--- Assignment ---
What's needed is an exact copy of the lines from the one that contains "Maiores Depositantes de" to the end of the data below, leaving the pictures out.
-*-*-
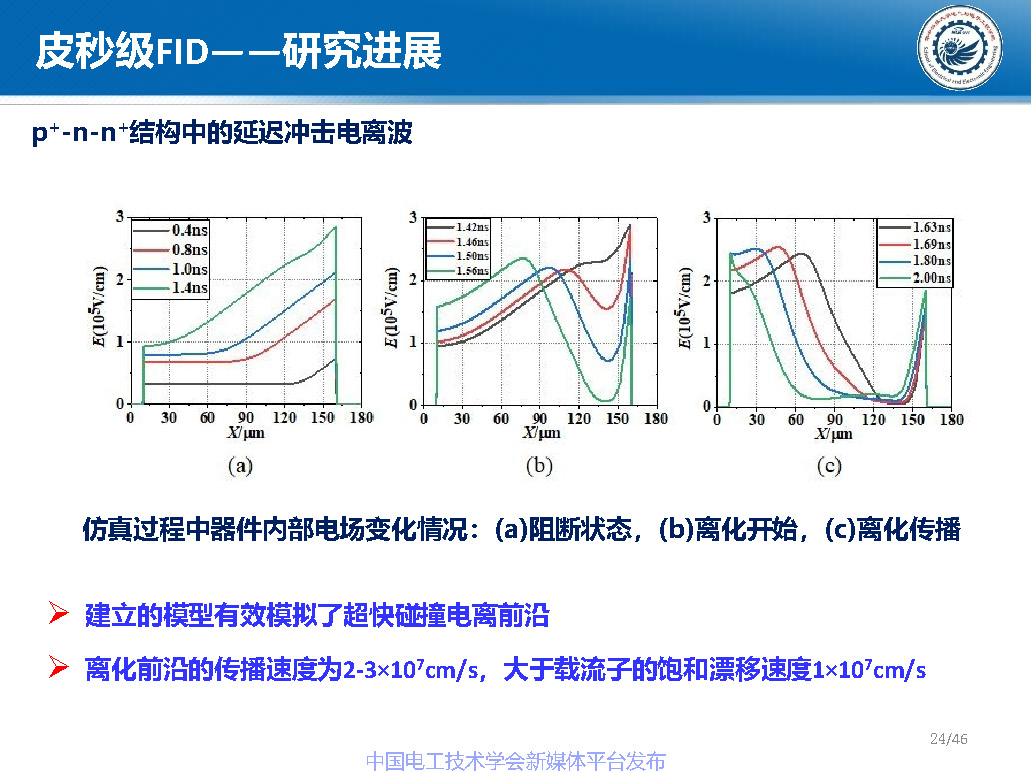 華中科技大學梁琳研究員：高壓大容量特種功率半導體器件研究進展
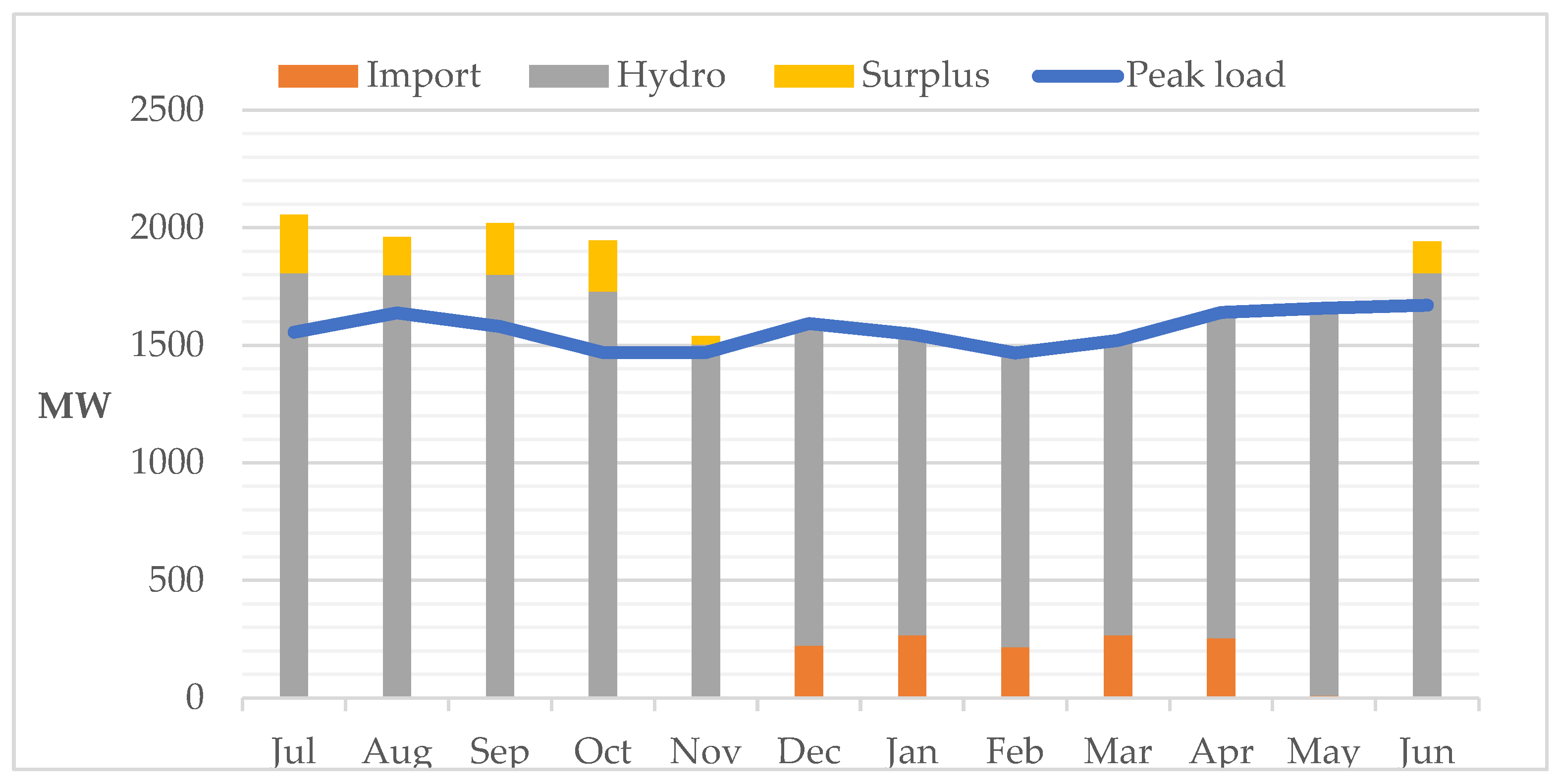 Electricity 05 00014 g004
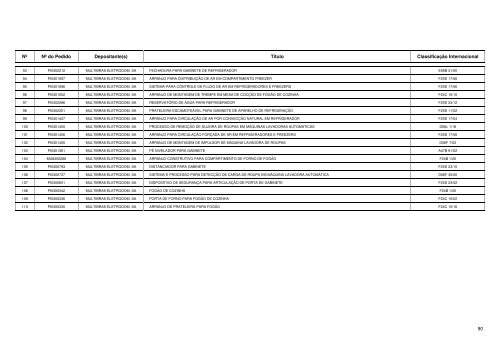 Maiores Depositantes de Pedidos de Patentes BR 1999 - Inpi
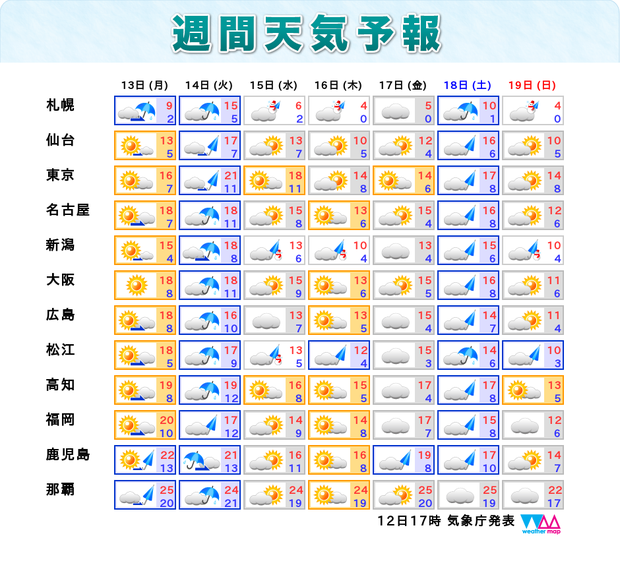 13日からの週間天気予報。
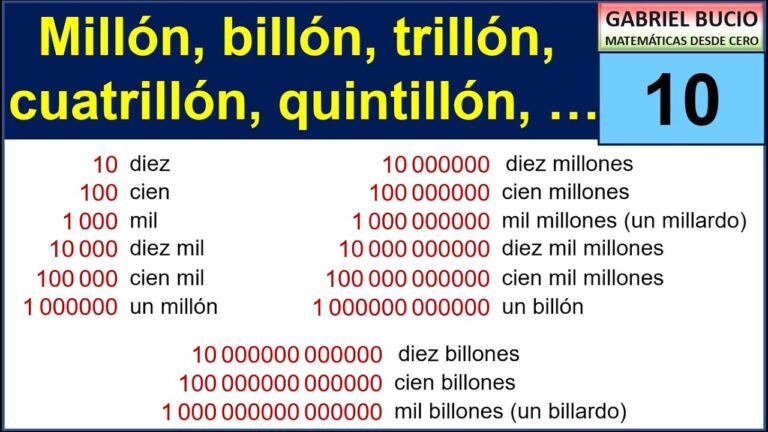 ¿Qué es el Billón?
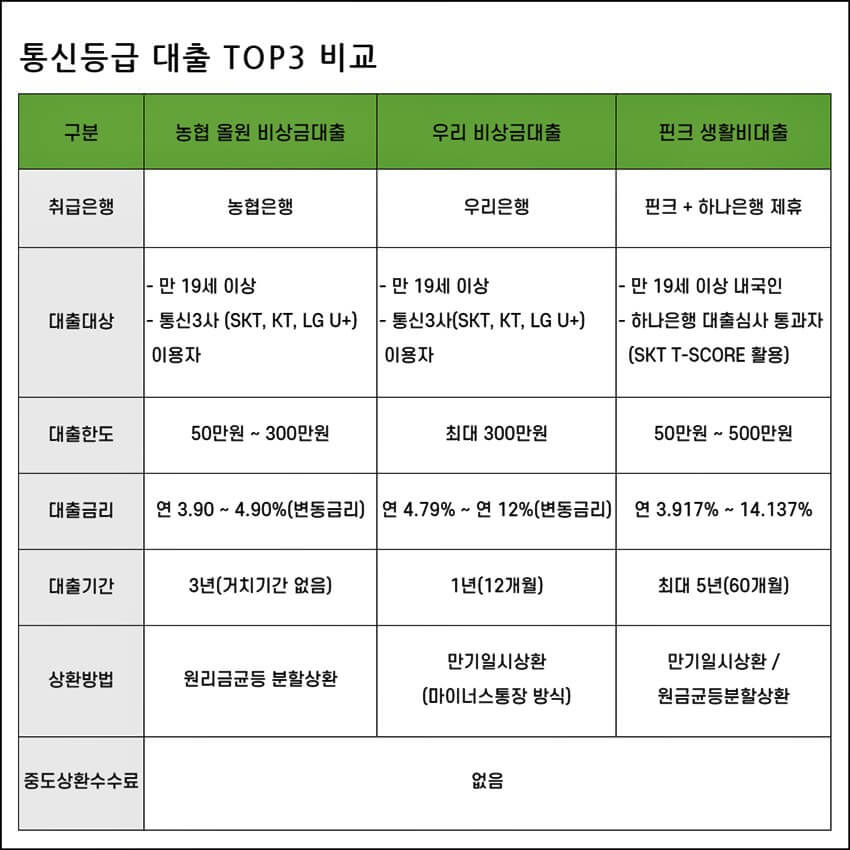 통신등급-대출-TOP3-비교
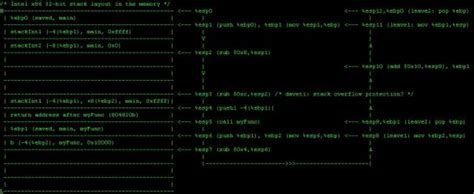 Image result for Stack Frame Layout
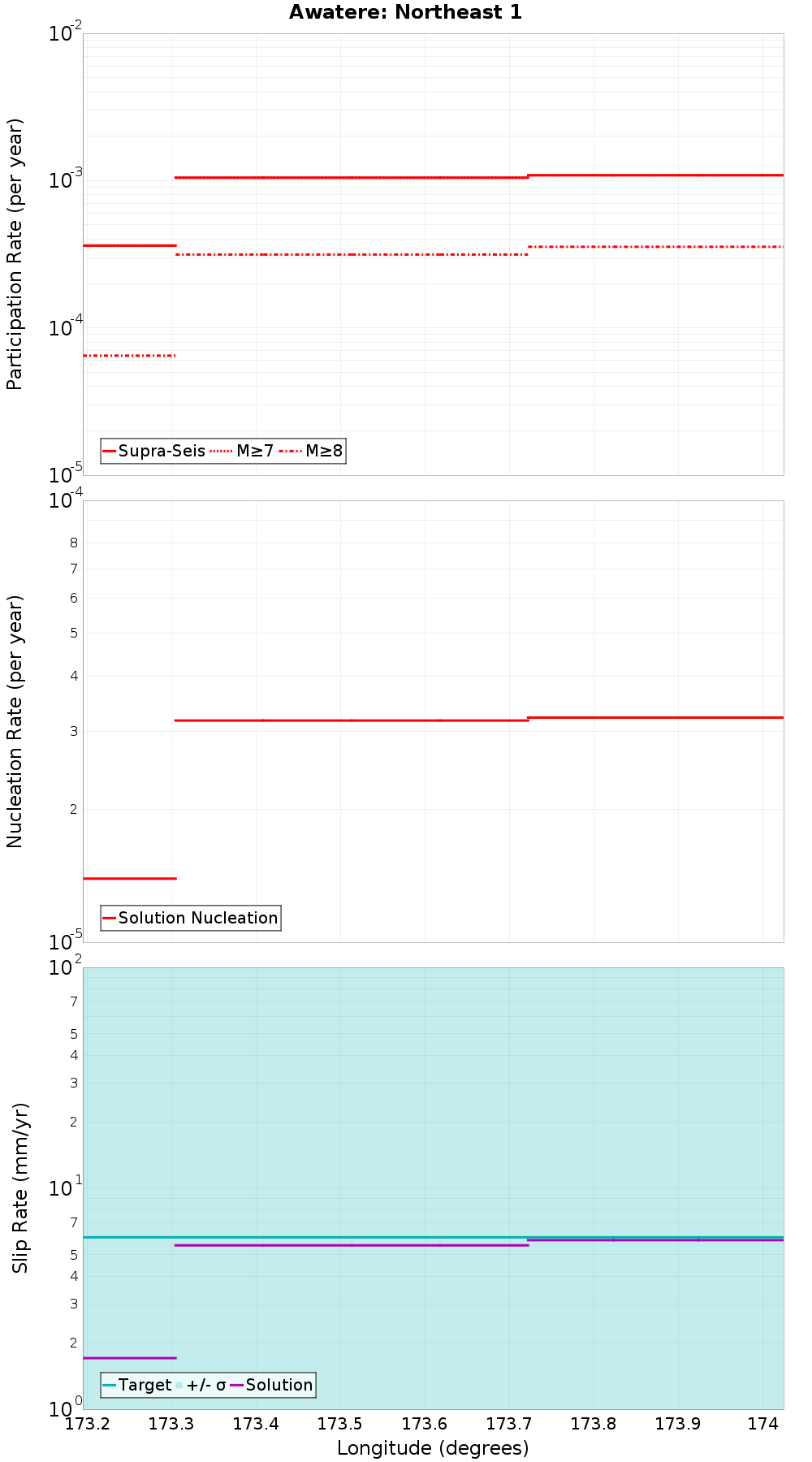 Along-strike plot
-*-*-
--- Result below ---
 Maiores Depositantes de Pedidos de Patentes BR 1999 - Inpi
 13日からの週間天気予報。
 ¿Qué es el Billón?
 통신등급-대출-TOP3-비교
 Image result for Stack Frame Layout
 Along-strike plot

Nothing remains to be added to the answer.